Swedish Army officer

Lieutenant General Karl Gustaf Brandberg (13 September 1905 – 19 September 1997) was a senior Swedish Army officer. He served as Commanding General of the VII Military District (1963–1966) and Gotland Military Command (1966–1968) and as Chief of Home Guard (1968–1971).

==Early life==
Brandberg was born on 13 September 1905 in Tryde Parish, Tomelilla Municipality, Sweden, the son of Sven Brandberg, an engineer, and Emma (née Andrén). He became a volunteer in Svea Life Guards at the age of 17 and thus began an unusual career "the long way" from non-commissioned officer to lieutenant general. He attended the Swedish Army Non-Commissioned Officer School and at the same time studied for studentexamen, which he passed in 1929.

==Career==
Brandberg attended the Military Academy Karlberg and graduated in 1931. He was commissioned as an officer the same year and was assigned to South Scania Infantry Regiment as a second lieutenant. Brandberg was promoted to lieutenant in 1935 and to captain in 1941. From 1938 to 1940, he studied at Royal Swedish Army Staff College. He served from 1943 to 1945 at the Recruiting and Replacement Office (Centrala värnpliktsbyrån) in the Army Staff and was then the first teacher in tactics at the Artillery and Engineering College from 1945 to 1949.
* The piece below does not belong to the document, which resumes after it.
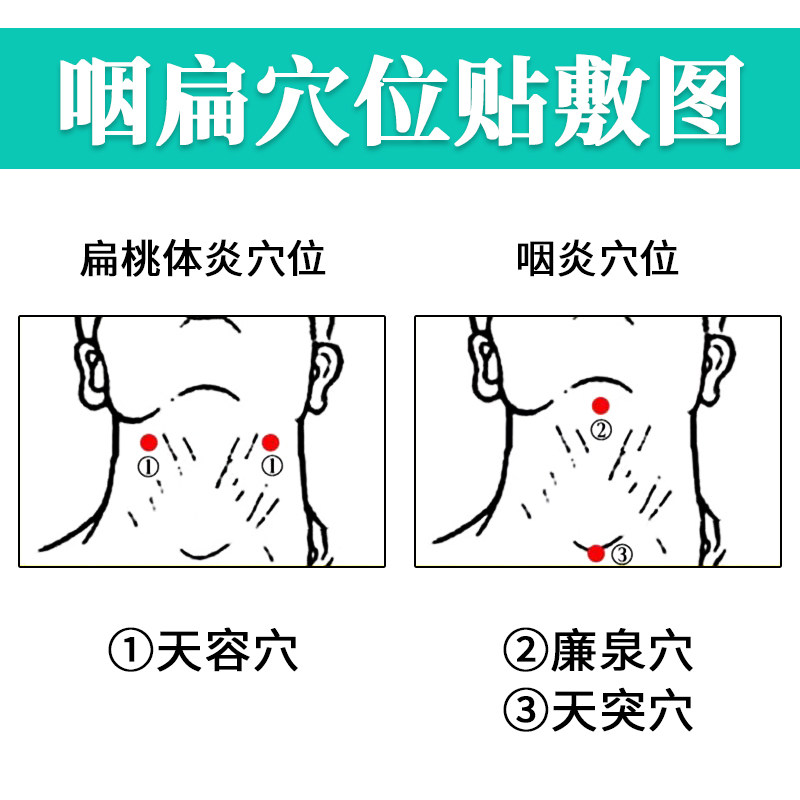 肯芙洛膏药贴（器械）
In 1949 he was promoted to major and served as chief of staff in Home Guard from 1949 to 1952, after which he served in Northern Scanian Infantry Regiment from 1952 to 1955 and became lieutenant colonel in 1954. Brandberg studied at the Swedish National Defence College in 1955. In 1955 he was promoted to colonel, after which he was head of the Section for Organization and Equipment in the Army Staff from 1955 to 1958. Brandberg was regimental commander of Norrbotten Regiment from 1958 to 1961 and served as deputy commander of the VI Military District from 1961 to 1963 as well as acting commander of the VI Military District in 1963. He was promoted to major general in 1963 and was Commanding General of the VII Military District from 1 October 1963 to 30 September 1966 and Commanding General of the Gotland Military Command from 1 October 1966 to 30 September 1968. Brandberg was then the Chief of Home Guard from 1 October 1968 to 30 September 1971. Brandberg retired from active service in 1971 and was promoted to lieutenant general.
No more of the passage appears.